Although Laura Cunningham felt that it was very difficult to find a play for six women, her engaging and witty dramatic comedy fills her characters with honest lines. Each woman discusses a universal subject of femininity and reveals the essence of her most intimate moments in life, especially with men. Each woman shares her unique experience of life and men with a poignant monologue of sadness, despair and happiness. Each discourse encapsulated the audience as the subject matter was personified.

This show is a juicy, jazzy party with a bottomless punch bowl of wit. Six longtime girlfriends get together to toast and roast the mommy-to-be, Claire. They come together for an evening of wine, fun and gossip that quickly forces their true feelings to the surface in all their wonderful, funny, endearing and heart-wrenching glory! However, they all find out a little more about each other than they had bargained.

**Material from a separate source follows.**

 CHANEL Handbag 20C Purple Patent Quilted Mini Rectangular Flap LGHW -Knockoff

Jessie, an independent woman, is the hostess of the party. She's the gatekeeper and peacekeeper of the group. The setting takes place in her living room with the audience as a fly on the wall. Jessie is divorced, lonely and has been abstinent for the last three years. Her love life consists of distant love affairs, but she is yearning for someone close and permanent in her life.

Nina, the funny red head of the cast, has bee rejected by men and overweight most of her life. Yet, she's content with her life and always gives comfort to her friends when needed.

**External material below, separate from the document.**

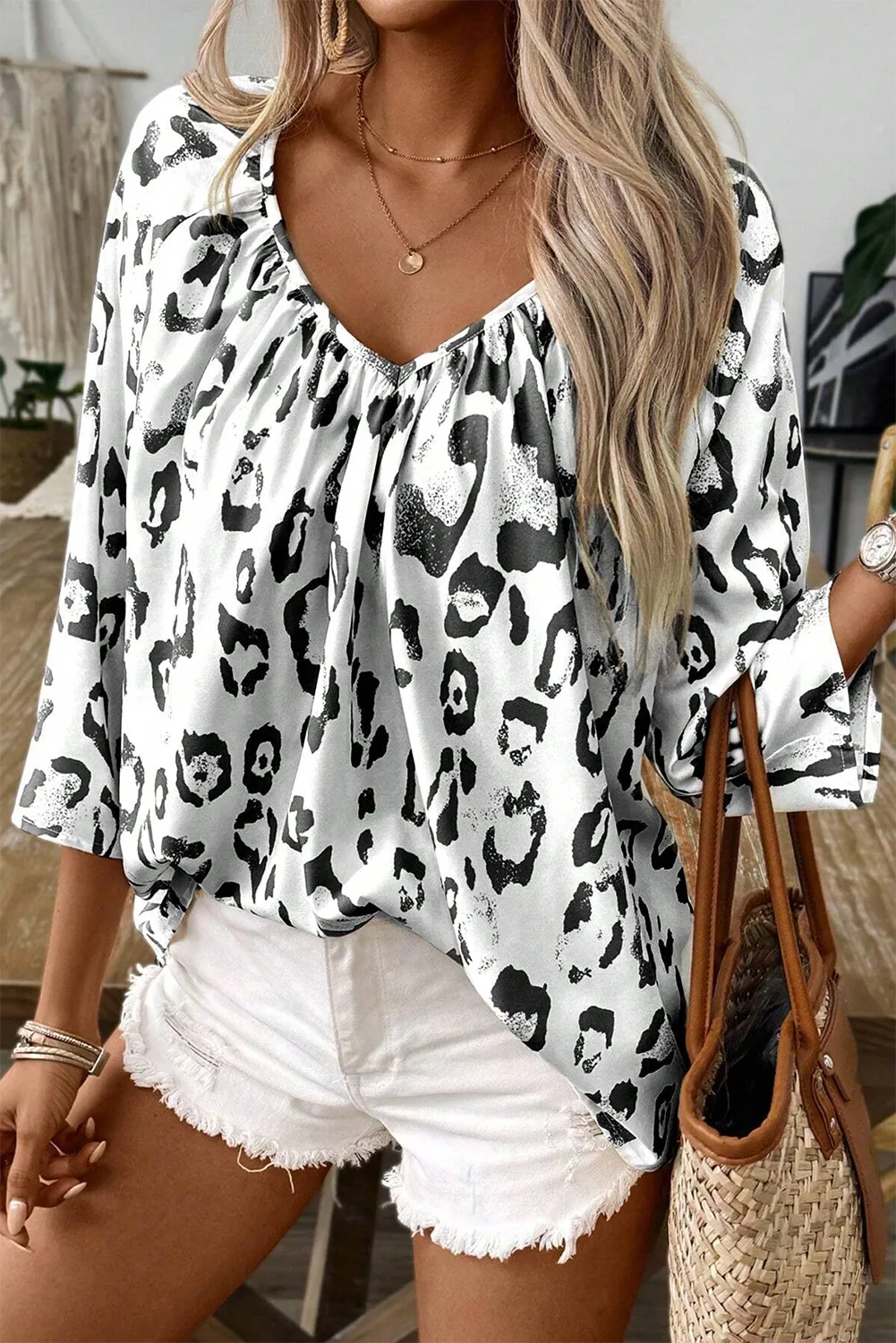 Khaki Leopard Print Split Neck Balloon Sleeve Blouse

Martha, the villain of the play, is a control monster and materialistic. She has a flourishing real-estate business and impotent fiancé. The five other gals love and hate her. Martha's snobbish attitude and Claire carefree life clash, and the other girls do whatever they can to keep them from ruining the party.  As the rich girl, Martha puts down everyone and uses her money to buy love. Although very successful, she is a sad soul.

Lisbeth is the romantic and sensitive woman of the piece. She is a naïve and idealistic. Her breakup with her boyfriend a year ago still has not settled with her, but in her mind, he is still with her somehow. Lisbeth's obsession with her ex seems to be pushing her over the deep end.

Claire, the pregnant guest of honor and free-spirit hippie of the group, is determined to raise her child alone and has no worry about her child being fatherless or any other worry for that matter.

Waitress, Sue Carol, has just left her unfaithful husband. She is depressive and uses marijuana to sedate her sadness.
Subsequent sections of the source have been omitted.